**To do:** Look at every line below and count those containing "King". Answer with the number only.

══ Dataset entries ══

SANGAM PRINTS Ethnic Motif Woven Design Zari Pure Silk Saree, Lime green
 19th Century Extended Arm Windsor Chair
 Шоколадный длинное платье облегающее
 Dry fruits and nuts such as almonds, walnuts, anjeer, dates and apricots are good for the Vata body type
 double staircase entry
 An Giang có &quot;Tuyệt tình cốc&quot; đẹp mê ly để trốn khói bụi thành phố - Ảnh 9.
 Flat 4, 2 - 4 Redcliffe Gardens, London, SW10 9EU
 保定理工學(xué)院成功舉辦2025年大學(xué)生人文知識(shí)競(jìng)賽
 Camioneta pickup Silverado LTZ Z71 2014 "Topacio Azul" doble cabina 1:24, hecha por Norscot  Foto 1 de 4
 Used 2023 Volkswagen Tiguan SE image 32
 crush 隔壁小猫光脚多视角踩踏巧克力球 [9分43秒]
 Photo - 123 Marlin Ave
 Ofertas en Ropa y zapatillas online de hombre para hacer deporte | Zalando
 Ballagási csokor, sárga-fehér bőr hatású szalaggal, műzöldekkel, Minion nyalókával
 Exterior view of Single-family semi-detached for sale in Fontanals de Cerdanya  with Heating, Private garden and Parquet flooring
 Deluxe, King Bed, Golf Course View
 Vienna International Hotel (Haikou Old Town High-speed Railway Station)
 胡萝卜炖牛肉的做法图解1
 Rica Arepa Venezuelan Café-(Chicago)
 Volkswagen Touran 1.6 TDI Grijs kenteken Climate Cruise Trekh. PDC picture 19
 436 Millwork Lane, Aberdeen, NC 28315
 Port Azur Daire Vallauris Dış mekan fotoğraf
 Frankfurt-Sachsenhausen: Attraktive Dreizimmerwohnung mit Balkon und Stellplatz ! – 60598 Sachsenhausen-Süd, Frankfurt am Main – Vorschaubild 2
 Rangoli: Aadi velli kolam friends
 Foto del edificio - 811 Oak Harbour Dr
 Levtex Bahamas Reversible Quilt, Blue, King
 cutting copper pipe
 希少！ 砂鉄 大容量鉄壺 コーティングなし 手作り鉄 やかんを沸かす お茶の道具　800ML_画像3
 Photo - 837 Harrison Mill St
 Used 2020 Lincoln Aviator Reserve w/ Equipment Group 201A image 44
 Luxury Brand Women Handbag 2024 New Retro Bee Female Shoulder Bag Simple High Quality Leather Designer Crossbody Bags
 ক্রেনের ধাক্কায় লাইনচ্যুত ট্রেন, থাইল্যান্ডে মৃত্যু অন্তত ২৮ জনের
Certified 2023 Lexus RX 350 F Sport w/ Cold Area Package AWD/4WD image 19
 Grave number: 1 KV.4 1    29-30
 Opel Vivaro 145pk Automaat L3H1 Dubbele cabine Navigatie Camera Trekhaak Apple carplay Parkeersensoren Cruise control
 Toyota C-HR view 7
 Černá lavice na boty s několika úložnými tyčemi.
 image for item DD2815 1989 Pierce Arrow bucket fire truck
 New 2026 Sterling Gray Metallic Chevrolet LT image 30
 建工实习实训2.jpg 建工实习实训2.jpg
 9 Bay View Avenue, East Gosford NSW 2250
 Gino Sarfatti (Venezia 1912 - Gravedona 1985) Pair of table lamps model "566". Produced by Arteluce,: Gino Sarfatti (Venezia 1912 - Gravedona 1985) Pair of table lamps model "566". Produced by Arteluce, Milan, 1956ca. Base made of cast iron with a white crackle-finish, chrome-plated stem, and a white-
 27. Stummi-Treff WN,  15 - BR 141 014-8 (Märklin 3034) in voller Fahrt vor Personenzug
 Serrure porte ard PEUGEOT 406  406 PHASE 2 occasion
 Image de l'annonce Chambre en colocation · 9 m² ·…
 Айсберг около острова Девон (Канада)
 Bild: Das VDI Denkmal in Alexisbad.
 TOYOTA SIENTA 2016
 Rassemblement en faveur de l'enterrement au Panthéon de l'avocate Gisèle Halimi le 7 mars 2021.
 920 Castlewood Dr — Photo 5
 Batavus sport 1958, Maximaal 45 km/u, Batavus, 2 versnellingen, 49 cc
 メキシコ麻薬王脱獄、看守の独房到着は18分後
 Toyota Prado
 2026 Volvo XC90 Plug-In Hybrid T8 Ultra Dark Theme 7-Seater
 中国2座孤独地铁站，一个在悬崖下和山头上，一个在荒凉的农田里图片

═══

**Expected answer:** 2